Assets: VTI, VEU, BND, VNQ, DBC

Buy: when monthly price > 200-day SMA
Sell: when monthly price < 200-day SMA

I would have figured that the performance would have been better...

How can I improve on this algorithm? Should I be accounting for dividends? Should I add some intelligence to how many shares 'n' should be bought/sold instead of using a fixed number?

I am new to a lot of this. Thanks in advance for the feedback.

4 responses

Hi Brian, thanks for sharing your algo.

Your plan to buy when price > 200-day SMA is called a momentum strategy (e.g. buying when the price goes up). The opposite would be a reversion strategy (e.g. buying when the stock is cheap).

I plotted capital used and cash available for your algo and found that you only used half of your starting cash on average. That would limit your gains.

If you are trying to recalculate the SMA every month then perhaps every 21 trading days would be better than 30 (which is six weeks).

The small initial capital ($10k) suggests you would be using this strategy manually. So picking a long interval between trades is smart.

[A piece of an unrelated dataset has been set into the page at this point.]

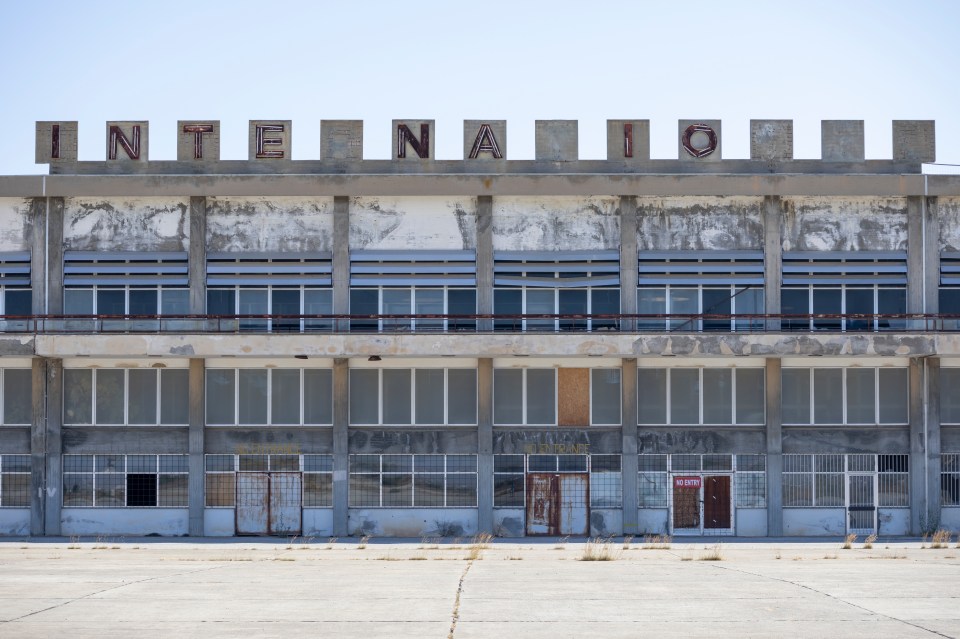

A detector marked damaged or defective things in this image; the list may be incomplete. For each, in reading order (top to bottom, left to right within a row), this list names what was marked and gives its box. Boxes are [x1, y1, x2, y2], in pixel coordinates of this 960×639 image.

I made some changes to your algo in the attached backtest:

1) changed from momentum to reversion strategy
2) used portfolio rebalancing to engage all starting capital
3) used 200-day SMA as a hint to under-buy overpriced stocks (consistent with reversion strategy)
4) rebalancing once per year (250 trading days)

I made some modifications to the original posted algorithm:

  • Use a fixed percentage position size, instead of fixed dollar amounts
  • Weighted the positions at 20% each

Backtest results attached (although I tested over a longer period).

Here are the results from the original time period vs. the algo in the original post. The main issue with the original implementation was position sizing properly, and the buy/sell signals were correctly implemented (although in the book, it's a 10-month moving average, but a 200 SMA should be close enough).

Total return: 19% vs. -11%.
Beta: 0.23
Sharpe: 0.09
Max drawdown: 18%

In the book he recommends manually checking the 200 day SMA only on the first day of every month. The reason for this is because the index dips just below every now and again just for a small period of time, and most of the time it recovers. If you trade every time it crosses the 200 line, you'll get whipsawed and lose money every time. There is another version of this strategy which entails opening your position when the price first crosses 5% above the 200 day SMA, and closes the position when it dips 5% below. Probably works better for algorithms.